Umsetzung der zweiten EU-Aktionärsrechterichtlinie - Stärkung der Aktionärsrechte in Bezug auf die Vergütungspolitik der Vorstände

Bis zum 10. Juli 2019 soll die zweite EU-Aktionärsrichtlinie, die unter anderem die Stärkung der Mitwirkungsrechte der Aktionäre bei der Vergütungspolitik von Vorständen börsennotierter Aktiengesellschaften vorsieht, in deutsches Recht umgesetzt werden. Der Referentenentwurf zum Gesetz zur Umsetzung der Richtlinie (ARUG II) des BMJV sieht hierbei auch die Einführung eines neuen § 87a AktG und eines neuen § 120a AktG vor.

Änderungen des AktG 

Künftig sind Aufsichtsräte börsennotierter Aktiengesellschaften dazu verpflichtet, umfassende Angaben über alle Vergütungsbestandteile der Vergütungen von ihren Vorständen gegenüber den Aktionären zu tätigen, sodass diese gemäß § 120a AktG n.F. zwingend über die Billigung des Vergütungssystems im Rahmen der Hauptversammlung durch Beschluss (dem sogenannten „Votum zum Vergütungssystem“) entscheiden müssen. Der diesbezügliche Hauptversammlungsbeschluss der Aktionäre, also das Votum zum Vergütungssystem, ist für den Aufsichtsrat nicht verbindlich, auch scheidet eine Anfechtung des diesbezüglichen Beschlusses aus, weil durch einen ablehnenden Beschluss lediglich die Missbilligung der Vergütungspolitik zum Ausdruck gebracht werden kann. Nichtsdestotrotz werden künftig damit die Vergütungspolitik sowie die einzelnen Vergütungsbestandteile von Vorstandsvergütungen in den Fokus der Aktionäre rücken und sozusagen „hauptversammlungspublik“. Dies könnte zur Folge haben, dass börsennotierte Aktiengesellschaften künftig stärker auf die Ausgestaltung und die Rechtfertigung der Vergütungssysteme für ihre Vorstände achten, um Unmut bei ihren Aktionären zu verhindern. 

 

Angaben zu Vergütungsbestandteilen, insb. „Clawback“-Klauseln“

In § 87a Abs. 1 AktG n.F. sind die erforderlichen Angaben über das Vergütungssystem für Vorstände numerisch aufgelistet. Unter anderem haben Aufsichtsräte künftig auch über die Möglichkeiten der Gesellschaft, bereits ausgezahlte variable Vergütungsbestandteile im Nachhinein wieder zurückzufordern (sog. „Clawback“-Klauseln), zu berichten.
 
Eine „Clawback“-Klausel regelt die Verpflichtung einer Gesellschaft bereits ausgezahlte variable Vergütung auf Grund vertraglicher Vereinbarung nachträglich unter gewissen Voraussetzungen zurückzufordern. Es handelt sich damit um einen aufschiebend bedingten, vertraglichen Zahlungsanspruch der Gesellschaft gegenüber dem Vorstandsmitglied, unabhängig von einem etwaigen gesetzlichen Schadensersatzanspruch nach § 93 Abs. 2 AktG.

Mögliche Praxisfolgen

„Clawback“-Klauseln sind in Deutschland noch nicht allzu sehr verbreitet, aufgrund der Änderungen des AktG ist künftig jedoch mit einer stärkeren Tendenz zur Einführung solcher Klauseln zu rechnen.

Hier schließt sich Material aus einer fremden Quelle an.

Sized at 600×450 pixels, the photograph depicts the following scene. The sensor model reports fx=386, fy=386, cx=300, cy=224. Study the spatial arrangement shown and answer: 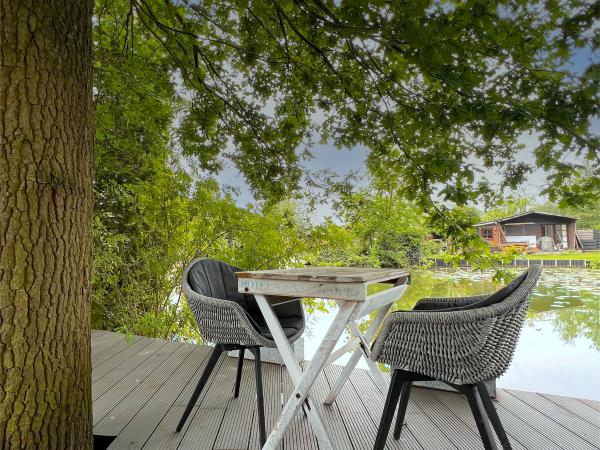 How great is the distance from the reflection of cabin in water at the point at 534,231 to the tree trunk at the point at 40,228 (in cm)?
285

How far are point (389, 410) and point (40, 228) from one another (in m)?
1.50

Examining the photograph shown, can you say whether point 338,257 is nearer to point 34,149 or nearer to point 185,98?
point 185,98

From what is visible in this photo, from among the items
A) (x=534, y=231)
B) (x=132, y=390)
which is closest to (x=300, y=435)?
(x=132, y=390)

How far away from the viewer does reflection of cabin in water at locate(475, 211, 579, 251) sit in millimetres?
3180

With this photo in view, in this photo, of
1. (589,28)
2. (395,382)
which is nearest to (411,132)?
(589,28)

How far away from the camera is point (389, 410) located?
153cm

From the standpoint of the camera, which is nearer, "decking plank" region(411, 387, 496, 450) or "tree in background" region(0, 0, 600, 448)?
"tree in background" region(0, 0, 600, 448)

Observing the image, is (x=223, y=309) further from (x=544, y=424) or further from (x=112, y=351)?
(x=112, y=351)

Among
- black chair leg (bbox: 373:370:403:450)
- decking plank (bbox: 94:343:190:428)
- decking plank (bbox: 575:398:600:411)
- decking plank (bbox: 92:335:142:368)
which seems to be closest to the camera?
black chair leg (bbox: 373:370:403:450)

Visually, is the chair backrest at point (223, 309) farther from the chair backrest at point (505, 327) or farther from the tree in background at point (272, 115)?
the chair backrest at point (505, 327)

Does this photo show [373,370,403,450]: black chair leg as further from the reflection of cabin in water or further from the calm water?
the reflection of cabin in water

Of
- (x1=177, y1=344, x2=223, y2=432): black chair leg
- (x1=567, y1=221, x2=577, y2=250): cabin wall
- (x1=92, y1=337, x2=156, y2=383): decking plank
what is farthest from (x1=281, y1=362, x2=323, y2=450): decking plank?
(x1=567, y1=221, x2=577, y2=250): cabin wall

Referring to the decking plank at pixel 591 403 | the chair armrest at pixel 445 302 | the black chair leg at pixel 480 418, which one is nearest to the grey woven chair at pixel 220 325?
the chair armrest at pixel 445 302

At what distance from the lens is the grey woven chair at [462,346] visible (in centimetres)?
139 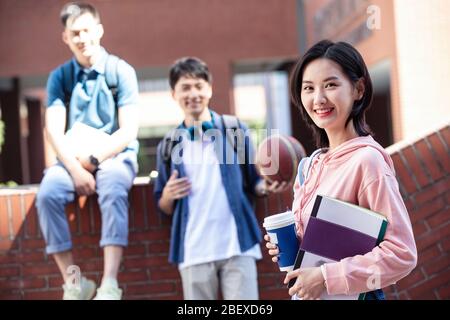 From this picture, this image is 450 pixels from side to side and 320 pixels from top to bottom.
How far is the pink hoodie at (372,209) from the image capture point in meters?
1.21

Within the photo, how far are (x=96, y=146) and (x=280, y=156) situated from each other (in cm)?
60

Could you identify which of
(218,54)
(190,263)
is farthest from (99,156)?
(218,54)

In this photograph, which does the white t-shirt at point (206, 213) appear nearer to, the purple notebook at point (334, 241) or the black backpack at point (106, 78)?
the black backpack at point (106, 78)

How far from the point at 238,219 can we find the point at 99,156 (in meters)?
0.52

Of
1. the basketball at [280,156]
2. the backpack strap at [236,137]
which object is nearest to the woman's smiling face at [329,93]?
→ the basketball at [280,156]

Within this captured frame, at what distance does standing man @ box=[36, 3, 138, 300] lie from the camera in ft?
7.37

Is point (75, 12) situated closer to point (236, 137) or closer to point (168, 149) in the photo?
point (168, 149)

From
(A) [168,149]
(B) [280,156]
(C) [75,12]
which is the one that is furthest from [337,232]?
(C) [75,12]

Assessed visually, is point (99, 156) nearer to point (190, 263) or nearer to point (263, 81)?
point (190, 263)

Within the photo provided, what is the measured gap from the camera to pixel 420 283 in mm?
2670

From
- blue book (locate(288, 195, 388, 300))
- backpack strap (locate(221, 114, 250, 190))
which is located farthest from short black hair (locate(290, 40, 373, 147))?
backpack strap (locate(221, 114, 250, 190))

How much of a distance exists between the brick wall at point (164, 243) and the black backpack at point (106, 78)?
0.52 meters

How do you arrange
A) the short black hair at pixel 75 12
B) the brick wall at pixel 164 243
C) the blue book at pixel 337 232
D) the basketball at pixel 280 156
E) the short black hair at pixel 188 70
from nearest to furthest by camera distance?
the blue book at pixel 337 232 → the basketball at pixel 280 156 → the short black hair at pixel 75 12 → the short black hair at pixel 188 70 → the brick wall at pixel 164 243

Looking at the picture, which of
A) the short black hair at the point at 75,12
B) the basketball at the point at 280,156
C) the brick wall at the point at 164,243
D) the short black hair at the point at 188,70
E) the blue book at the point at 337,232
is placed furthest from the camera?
the brick wall at the point at 164,243
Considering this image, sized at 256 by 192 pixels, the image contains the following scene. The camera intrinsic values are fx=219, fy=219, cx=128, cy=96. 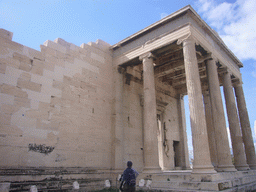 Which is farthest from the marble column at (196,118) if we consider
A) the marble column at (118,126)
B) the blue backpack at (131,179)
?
the marble column at (118,126)

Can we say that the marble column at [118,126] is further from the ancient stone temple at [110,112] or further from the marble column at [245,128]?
the marble column at [245,128]

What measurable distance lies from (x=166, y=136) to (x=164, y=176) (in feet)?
26.7

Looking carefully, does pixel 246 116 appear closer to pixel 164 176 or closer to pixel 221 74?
pixel 221 74

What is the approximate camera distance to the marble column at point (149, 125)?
12477 mm

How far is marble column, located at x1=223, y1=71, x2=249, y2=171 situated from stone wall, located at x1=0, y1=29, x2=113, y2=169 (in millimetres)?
8776

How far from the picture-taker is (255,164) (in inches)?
647

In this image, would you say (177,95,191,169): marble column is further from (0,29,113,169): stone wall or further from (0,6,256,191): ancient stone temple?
(0,29,113,169): stone wall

Es gibt verschiedene Anknüpfungspunkte, die für die Rückforderung der variablen Vergütung in Betracht gezogen werden können. Es kann beispielsweise an das Fehlverhalten des Vorstandsmitglieds oder aber auch an außerhalb des Einflussbereiches des Vorstandsmitglieds liegende Gründe, wie die nachträgliche Verschlechterung der Lage der Gesellschaft, angeknüpft werden. Beispielsweise in Fällen, wie denen des „Diesel-Skandals“, könnten künftig auch Vorstände stärker in die Verantwortung genommen werden, indem in vergleichbaren Fällen, Gesellschaften Teile der variablen Vergütung wieder zurückfordern könnten, unabhängig von einem Verschulden des jeweiligen Vorstandsmitglieds. Damit besteht ein weiter Gestaltungsspielraum für derartige Klauseln.
  
Vor diesem Hintergrund stellt sich ebenfalls die Frage, wie derartige Klauseln bei der stets zunehmenden Einführung variabler aktienbasierter Vergütungssysteme, wie beispielsweise Stock Options, ausgestaltet werden können.

Es bleibt abzuwarten, wie sich letztlich die Änderungen des AktG auf die Einführung von “Clawback“-Klauseln auswirken werden.